## WHAT NEEDS TO BE DONE
Repeat, exactly as they appear, the lines from the one with "4 Soveroms Rekkehus i Nueva Andalucía" through the last line of the entries below, but none of the pictures.

Records contained in a dataset
■ ■ ■
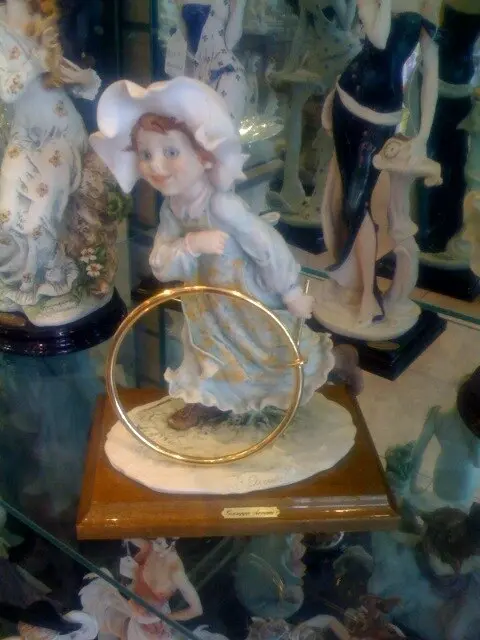 Giuseppe Armani Hoopla 107E Collectible Figurine Art giuseppe armani hoopla 107e co 0 1750491727 - CERINCOFFEE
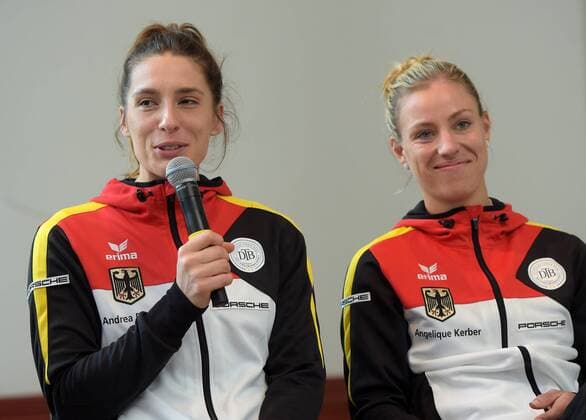Leipzig Andrea Petkovic (GER) und Angelique Kerber (GER) bei der Auslosung der Paarungen der Fed Cup Spiele in Leipzig zwischen Tennis Porsche Team Deutschland und Securitas Team Schweiz in Leipzig 05.02.2016 Copyright: Modlax Eibner-Pressefoto EP_cma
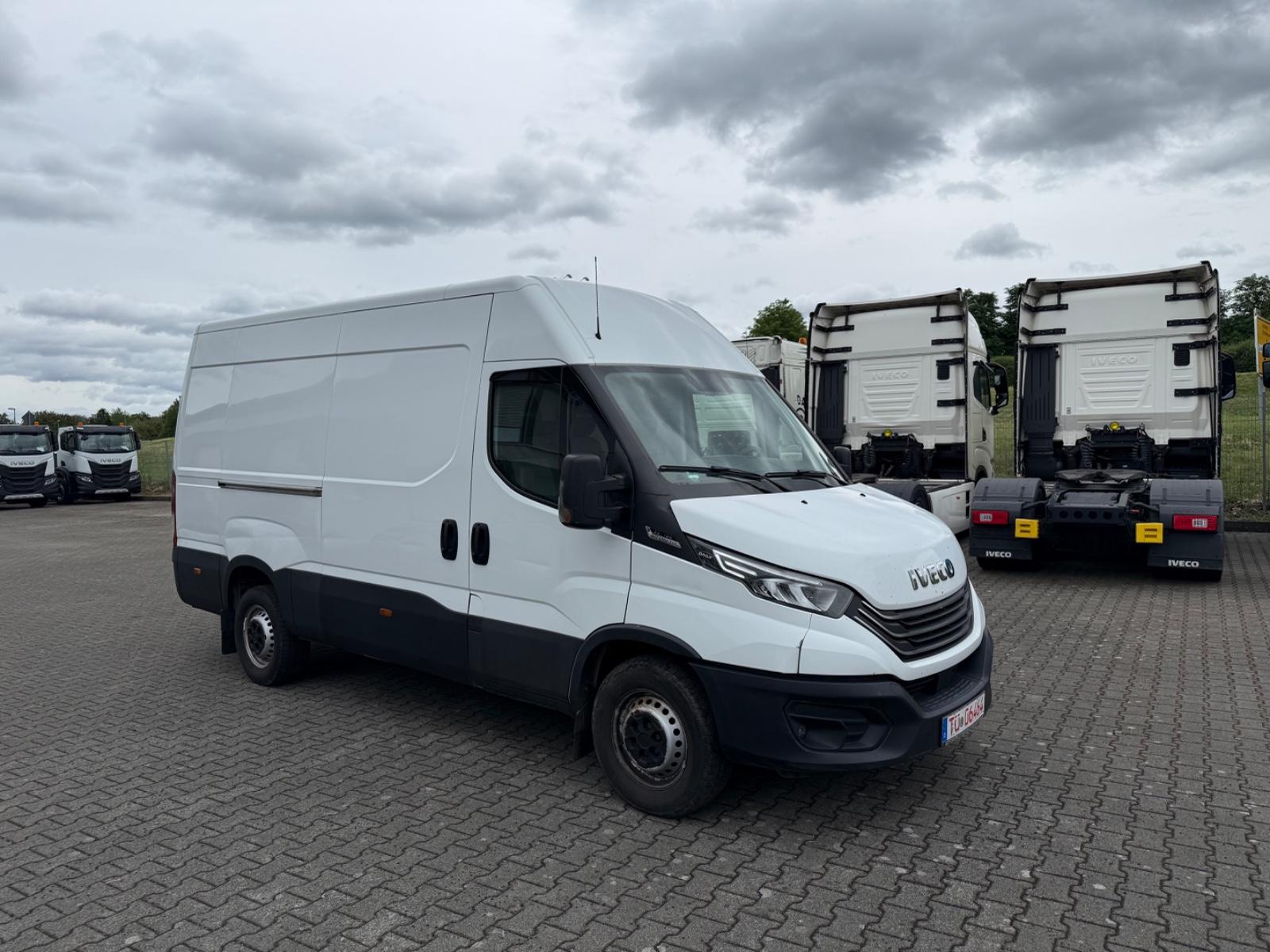 Iveco Daily 35S18 A8 L3H2 Hi Matic LED+Klima+Navi+AHK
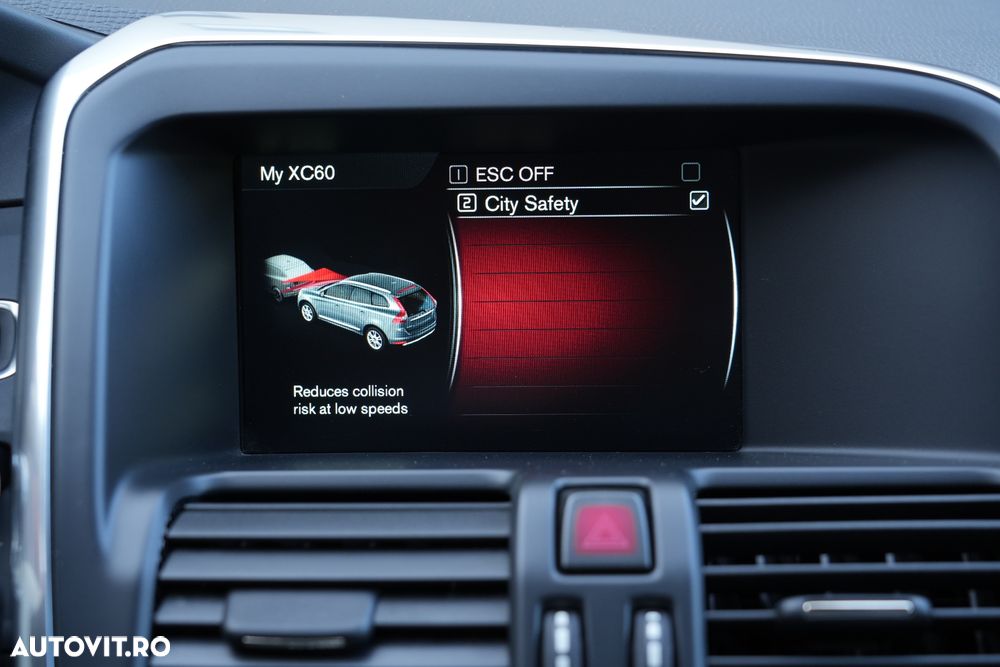 Volvo XC 60 D4 Summum - 24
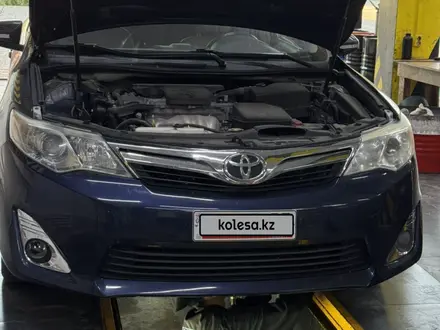 Toyota Camry 2014 года за 6 100 000 тг. в Атырау – фото 14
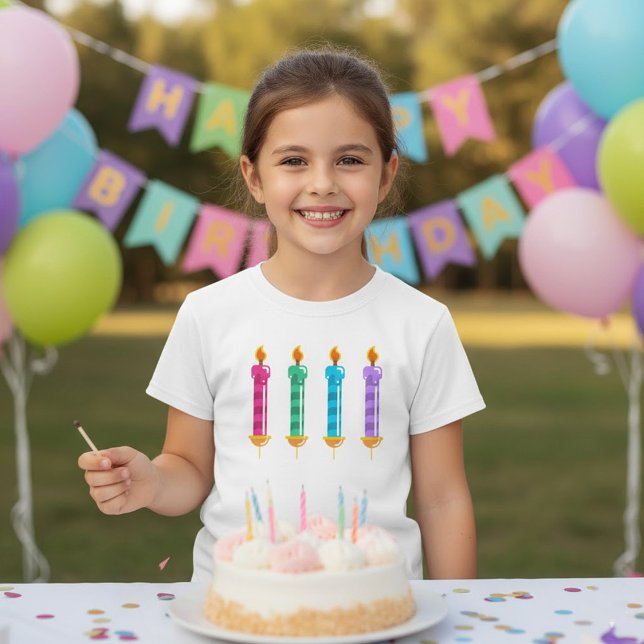 Fyra ljusglödlampor T-Shirt (Skapare uppladdad)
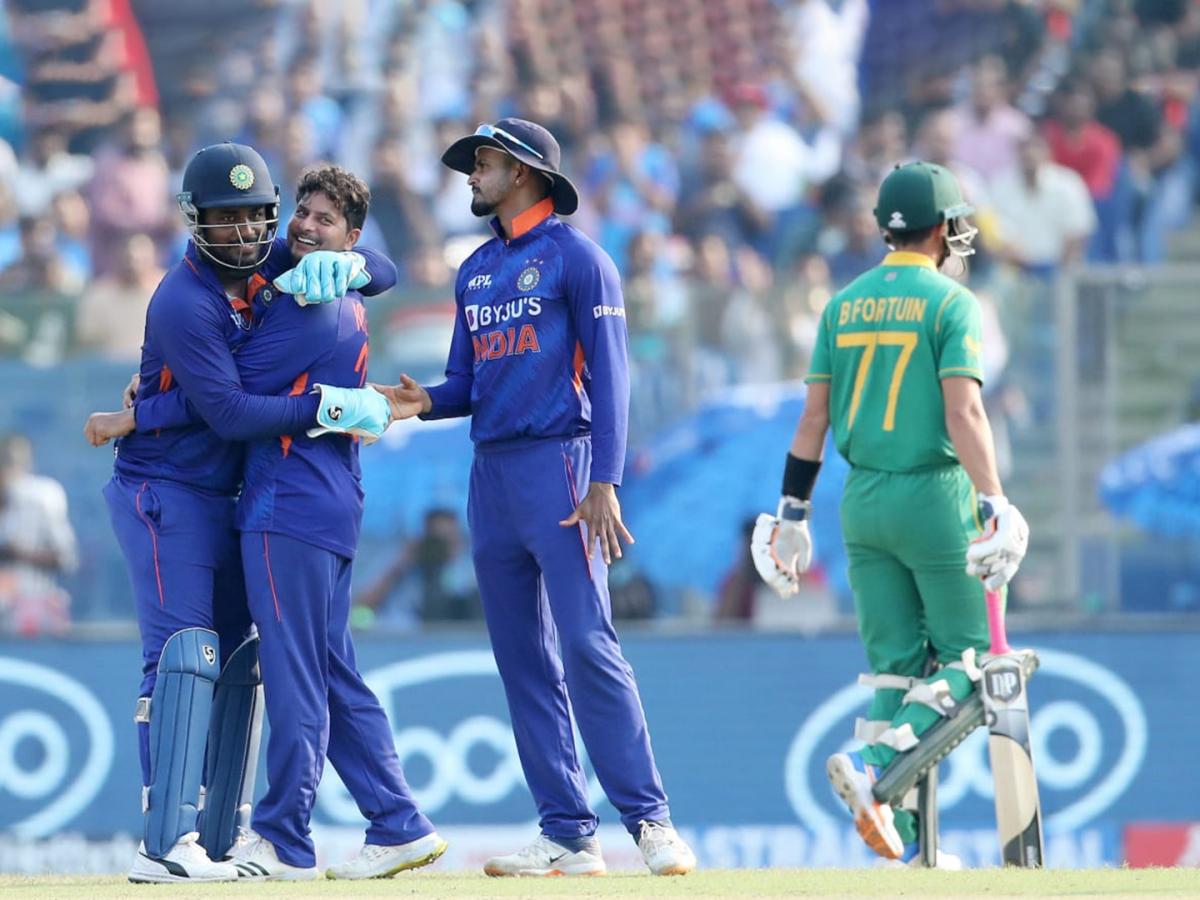 IND Vs SA, 3rd ODI Live Updates : भारताची ऑस्ट्रेलियाच्या ...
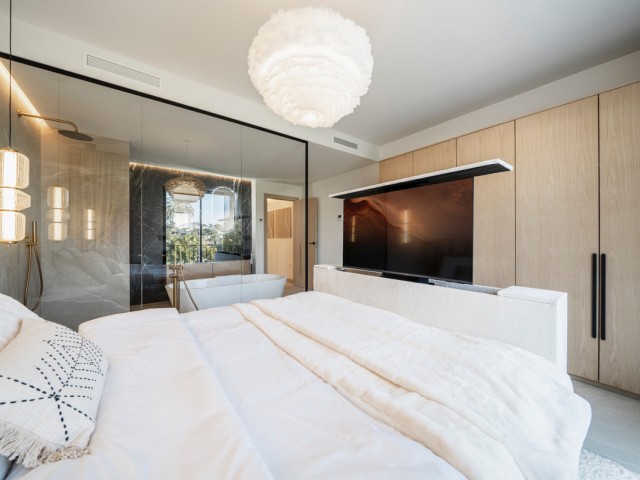 4 Soveroms Rekkehus i Nueva Andalucía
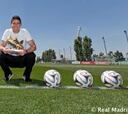 James recibe la Bota de Oro del Mundial de Brasil en Valdebebas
■ ■ ■
## OUTPUT OF THE EXERCISE
 4 Soveroms Rekkehus i Nueva Andalucía
 James recibe la Bota de Oro del Mundial de Brasil en Valdebebas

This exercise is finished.